INFORMATION SHOWN:
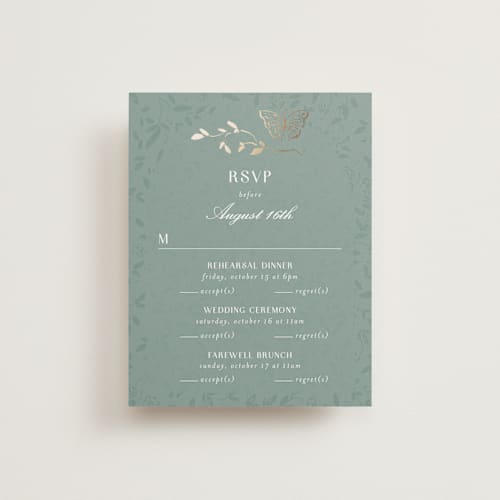 This is a eucalyptus rsvp cards with foil pressed by Simona Camp called southern romance printing on signature in standard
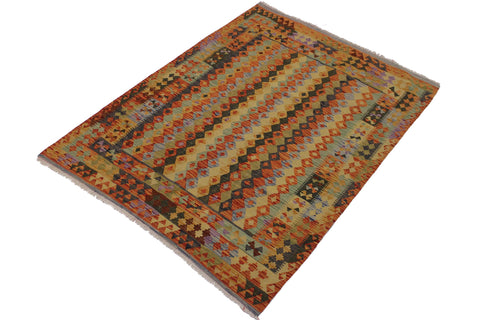 handmade Geometric Kilim Rust Blue Hand-Woven RECTANGLE 100% WOOL area rug 5 x 6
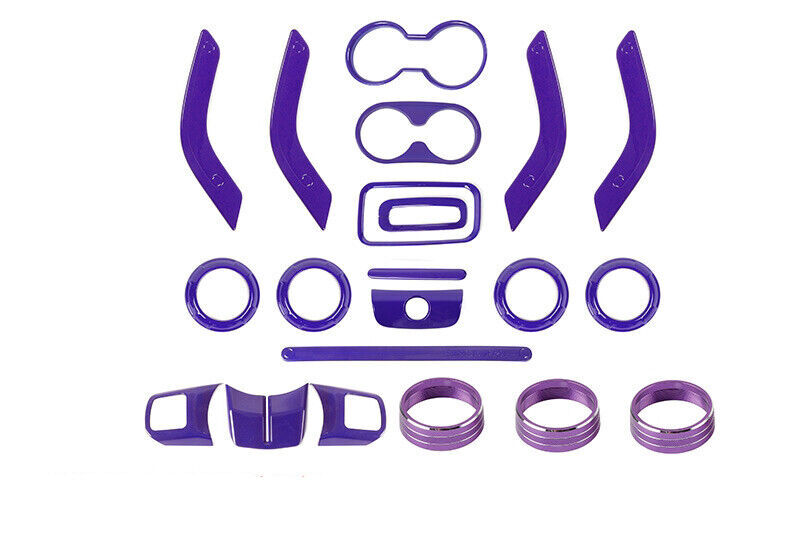 21X Car Interior Decoration Trim Kit For Jeep Wrangler JK 2011-2018 4Door Purple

ASSIGNMENT: The response is the full listing, copied exactly, with the pictures omitted.

TASK SOLUTION:
 This is a eucalyptus rsvp cards with foil pressed by Simona Camp called southern romance printing on signature in standard
 handmade Geometric Kilim Rust Blue Hand-Woven RECTANGLE 100% WOOL area rug 5 x 6
 21X Car Interior Decoration Trim Kit For Jeep Wrangler JK 2011-2018 4Door Purple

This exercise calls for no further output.